Web page caption snippets:
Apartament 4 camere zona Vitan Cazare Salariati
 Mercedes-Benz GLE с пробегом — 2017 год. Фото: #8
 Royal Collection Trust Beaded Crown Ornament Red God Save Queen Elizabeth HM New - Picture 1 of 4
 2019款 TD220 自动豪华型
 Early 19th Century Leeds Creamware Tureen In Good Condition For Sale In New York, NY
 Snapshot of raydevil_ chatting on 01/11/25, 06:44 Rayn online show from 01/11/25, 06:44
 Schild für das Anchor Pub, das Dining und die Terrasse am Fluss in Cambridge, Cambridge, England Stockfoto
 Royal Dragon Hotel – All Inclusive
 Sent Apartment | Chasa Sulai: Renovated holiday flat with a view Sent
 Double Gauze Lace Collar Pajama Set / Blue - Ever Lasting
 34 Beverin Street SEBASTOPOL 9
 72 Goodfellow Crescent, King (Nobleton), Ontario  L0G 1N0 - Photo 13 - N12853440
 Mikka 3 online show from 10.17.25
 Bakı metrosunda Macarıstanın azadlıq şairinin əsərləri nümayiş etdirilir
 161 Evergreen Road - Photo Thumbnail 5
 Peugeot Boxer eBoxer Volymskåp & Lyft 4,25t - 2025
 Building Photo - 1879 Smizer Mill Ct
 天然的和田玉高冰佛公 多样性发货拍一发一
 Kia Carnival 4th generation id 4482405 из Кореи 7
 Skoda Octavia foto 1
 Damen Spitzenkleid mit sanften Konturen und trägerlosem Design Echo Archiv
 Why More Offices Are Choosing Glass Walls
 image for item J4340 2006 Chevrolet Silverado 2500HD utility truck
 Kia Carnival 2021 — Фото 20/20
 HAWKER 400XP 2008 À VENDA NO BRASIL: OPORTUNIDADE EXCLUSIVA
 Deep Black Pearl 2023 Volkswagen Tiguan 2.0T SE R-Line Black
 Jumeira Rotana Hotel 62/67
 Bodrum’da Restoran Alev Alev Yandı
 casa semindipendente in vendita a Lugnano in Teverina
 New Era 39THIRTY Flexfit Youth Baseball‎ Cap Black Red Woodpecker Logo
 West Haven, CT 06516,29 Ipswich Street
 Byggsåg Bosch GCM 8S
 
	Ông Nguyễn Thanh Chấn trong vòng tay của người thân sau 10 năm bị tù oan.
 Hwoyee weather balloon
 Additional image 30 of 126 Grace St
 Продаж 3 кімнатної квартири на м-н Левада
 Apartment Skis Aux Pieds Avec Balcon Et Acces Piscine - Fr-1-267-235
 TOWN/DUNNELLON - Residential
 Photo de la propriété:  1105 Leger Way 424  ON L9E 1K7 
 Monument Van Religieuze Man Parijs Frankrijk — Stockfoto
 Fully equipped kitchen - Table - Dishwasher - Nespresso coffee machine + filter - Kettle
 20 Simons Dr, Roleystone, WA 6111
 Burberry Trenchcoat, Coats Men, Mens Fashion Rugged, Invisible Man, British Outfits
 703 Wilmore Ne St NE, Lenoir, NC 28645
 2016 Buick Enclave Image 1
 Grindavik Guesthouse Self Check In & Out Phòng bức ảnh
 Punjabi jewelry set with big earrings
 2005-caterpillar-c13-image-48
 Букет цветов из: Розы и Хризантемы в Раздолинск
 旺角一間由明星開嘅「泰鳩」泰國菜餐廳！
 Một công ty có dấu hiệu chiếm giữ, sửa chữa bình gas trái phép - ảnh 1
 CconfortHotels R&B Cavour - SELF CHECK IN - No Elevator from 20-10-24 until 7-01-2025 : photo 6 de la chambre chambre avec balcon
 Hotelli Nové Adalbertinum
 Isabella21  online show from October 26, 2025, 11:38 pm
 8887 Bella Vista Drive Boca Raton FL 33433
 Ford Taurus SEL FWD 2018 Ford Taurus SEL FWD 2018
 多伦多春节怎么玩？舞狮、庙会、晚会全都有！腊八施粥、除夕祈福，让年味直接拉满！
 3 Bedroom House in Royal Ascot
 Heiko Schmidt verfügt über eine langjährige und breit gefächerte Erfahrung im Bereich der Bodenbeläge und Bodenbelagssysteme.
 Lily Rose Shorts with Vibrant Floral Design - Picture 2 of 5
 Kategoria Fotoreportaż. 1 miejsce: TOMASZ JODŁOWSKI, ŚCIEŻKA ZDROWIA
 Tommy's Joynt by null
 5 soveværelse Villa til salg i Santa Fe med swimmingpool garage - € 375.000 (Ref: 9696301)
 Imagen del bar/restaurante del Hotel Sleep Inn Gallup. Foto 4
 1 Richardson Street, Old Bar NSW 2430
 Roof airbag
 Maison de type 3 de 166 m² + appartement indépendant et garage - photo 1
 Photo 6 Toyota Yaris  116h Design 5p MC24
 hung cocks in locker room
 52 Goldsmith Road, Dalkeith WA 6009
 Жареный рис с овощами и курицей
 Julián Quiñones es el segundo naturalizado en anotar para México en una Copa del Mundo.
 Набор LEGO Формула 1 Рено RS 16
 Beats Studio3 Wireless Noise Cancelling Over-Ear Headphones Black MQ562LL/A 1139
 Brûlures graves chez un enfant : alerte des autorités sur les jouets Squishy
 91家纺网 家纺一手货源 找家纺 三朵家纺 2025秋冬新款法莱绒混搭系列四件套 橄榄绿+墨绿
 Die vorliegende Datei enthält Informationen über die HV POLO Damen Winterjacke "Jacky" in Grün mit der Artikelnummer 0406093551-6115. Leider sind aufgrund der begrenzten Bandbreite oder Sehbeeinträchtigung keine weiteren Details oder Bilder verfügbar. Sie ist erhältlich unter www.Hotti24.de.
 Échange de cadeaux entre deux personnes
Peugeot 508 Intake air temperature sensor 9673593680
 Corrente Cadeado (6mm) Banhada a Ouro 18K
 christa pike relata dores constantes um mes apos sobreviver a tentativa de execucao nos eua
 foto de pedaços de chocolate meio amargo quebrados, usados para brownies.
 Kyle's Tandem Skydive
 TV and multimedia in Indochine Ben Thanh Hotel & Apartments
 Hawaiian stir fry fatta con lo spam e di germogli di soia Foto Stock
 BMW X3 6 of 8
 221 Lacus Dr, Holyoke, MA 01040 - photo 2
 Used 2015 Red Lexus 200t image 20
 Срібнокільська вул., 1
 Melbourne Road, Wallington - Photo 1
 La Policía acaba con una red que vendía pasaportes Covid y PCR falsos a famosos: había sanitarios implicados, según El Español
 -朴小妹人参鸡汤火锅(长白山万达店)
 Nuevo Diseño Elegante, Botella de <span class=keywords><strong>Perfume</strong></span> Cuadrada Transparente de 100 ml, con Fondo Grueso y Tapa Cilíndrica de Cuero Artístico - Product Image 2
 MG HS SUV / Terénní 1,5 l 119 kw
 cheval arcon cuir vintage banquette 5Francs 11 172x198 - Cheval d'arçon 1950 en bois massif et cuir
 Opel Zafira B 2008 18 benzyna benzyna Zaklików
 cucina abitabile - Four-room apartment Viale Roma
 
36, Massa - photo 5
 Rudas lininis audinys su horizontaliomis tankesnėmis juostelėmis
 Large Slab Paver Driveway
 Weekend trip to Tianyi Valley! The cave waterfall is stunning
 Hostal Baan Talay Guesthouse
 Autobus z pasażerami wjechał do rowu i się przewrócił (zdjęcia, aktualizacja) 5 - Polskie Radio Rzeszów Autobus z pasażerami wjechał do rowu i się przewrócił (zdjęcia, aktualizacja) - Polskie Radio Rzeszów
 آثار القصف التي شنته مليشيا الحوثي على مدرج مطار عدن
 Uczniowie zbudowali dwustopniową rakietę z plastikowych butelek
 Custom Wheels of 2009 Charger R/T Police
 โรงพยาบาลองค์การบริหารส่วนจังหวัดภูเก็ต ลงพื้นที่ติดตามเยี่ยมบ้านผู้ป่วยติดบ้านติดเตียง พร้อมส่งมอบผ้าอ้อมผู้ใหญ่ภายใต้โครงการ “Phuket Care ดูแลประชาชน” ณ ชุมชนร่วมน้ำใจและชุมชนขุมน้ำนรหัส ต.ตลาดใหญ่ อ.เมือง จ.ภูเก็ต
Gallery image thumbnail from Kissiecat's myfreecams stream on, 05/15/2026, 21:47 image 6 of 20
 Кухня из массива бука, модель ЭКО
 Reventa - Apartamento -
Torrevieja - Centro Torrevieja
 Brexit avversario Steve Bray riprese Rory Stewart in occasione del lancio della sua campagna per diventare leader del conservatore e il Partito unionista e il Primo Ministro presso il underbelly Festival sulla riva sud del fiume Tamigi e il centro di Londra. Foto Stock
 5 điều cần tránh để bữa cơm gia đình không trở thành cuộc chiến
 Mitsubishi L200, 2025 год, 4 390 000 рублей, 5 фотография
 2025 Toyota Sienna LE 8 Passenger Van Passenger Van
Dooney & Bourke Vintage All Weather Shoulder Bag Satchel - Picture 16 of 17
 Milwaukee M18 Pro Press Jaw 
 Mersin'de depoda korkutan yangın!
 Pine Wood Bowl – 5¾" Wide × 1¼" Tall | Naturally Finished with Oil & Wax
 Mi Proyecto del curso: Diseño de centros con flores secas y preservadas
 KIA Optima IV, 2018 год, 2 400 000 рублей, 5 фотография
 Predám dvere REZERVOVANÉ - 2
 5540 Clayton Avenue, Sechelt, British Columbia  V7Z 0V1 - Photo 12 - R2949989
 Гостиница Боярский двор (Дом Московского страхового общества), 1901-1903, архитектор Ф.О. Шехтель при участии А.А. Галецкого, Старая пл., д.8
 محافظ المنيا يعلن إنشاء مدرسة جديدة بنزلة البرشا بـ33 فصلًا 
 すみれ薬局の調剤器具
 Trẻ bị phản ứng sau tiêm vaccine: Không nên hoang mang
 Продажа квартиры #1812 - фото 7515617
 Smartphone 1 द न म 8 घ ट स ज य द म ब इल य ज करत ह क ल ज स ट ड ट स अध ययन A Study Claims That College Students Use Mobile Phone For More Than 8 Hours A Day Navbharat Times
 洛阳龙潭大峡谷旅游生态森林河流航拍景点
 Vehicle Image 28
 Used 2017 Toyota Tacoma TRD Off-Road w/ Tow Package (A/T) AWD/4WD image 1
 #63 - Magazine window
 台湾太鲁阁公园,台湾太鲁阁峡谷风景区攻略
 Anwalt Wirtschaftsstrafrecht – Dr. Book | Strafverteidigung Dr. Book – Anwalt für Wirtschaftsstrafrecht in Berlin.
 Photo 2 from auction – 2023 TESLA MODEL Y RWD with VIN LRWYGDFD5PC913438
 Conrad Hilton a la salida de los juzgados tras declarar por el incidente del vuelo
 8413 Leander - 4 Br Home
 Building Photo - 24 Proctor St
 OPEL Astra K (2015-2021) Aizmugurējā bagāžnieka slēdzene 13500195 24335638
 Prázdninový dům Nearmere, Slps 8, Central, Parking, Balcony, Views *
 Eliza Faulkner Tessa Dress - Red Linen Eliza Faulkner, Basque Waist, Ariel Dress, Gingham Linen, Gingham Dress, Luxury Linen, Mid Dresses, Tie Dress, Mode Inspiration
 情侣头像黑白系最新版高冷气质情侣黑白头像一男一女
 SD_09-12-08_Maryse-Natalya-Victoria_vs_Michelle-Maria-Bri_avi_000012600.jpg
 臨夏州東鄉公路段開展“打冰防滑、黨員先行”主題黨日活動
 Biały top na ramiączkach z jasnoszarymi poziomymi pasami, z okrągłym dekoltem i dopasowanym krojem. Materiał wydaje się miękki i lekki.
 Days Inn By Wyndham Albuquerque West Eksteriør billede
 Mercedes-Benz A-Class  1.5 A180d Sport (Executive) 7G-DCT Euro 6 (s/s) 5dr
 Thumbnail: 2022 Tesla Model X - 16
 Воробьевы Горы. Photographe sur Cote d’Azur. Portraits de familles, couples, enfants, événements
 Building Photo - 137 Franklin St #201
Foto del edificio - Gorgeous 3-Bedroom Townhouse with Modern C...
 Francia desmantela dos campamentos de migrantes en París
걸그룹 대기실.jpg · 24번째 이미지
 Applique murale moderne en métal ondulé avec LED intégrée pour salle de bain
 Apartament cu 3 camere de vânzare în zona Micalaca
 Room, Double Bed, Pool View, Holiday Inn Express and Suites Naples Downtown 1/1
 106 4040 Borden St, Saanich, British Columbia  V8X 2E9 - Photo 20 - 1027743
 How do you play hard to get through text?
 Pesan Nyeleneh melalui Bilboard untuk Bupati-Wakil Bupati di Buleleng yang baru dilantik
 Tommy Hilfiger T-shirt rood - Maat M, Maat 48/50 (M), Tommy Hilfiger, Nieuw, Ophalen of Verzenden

• _Task_
In the entries above, the lines between the one holding "Một công ty" and the one holding "Roof airbag", inclusive, are to be printed exactly as written, and those alone.

• _Solution to the problem_
 Một công ty có dấu hiệu chiếm giữ, sửa chữa bình gas trái phép - ảnh 1
 CconfortHotels R&B Cavour - SELF CHECK IN - No Elevator from 20-10-24 until 7-01-2025 : photo 6 de la chambre chambre avec balcon
 Hotelli Nové Adalbertinum
 Isabella21  online show from October 26, 2025, 11:38 pm
 8887 Bella Vista Drive Boca Raton FL 33433
 Ford Taurus SEL FWD 2018 Ford Taurus SEL FWD 2018
 多伦多春节怎么玩？舞狮、庙会、晚会全都有！腊八施粥、除夕祈福，让年味直接拉满！
 3 Bedroom House in Royal Ascot
 Heiko Schmidt verfügt über eine langjährige und breit gefächerte Erfahrung im Bereich der Bodenbeläge und Bodenbelagssysteme.
 Lily Rose Shorts with Vibrant Floral Design - Picture 2 of 5
 Kategoria Fotoreportaż. 1 miejsce: TOMASZ JODŁOWSKI, ŚCIEŻKA ZDROWIA
 Tommy's Joynt by null
 5 soveværelse Villa til salg i Santa Fe med swimmingpool garage - € 375.000 (Ref: 9696301)
 Imagen del bar/restaurante del Hotel Sleep Inn Gallup. Foto 4
 1 Richardson Street, Old Bar NSW 2430
 Roof airbag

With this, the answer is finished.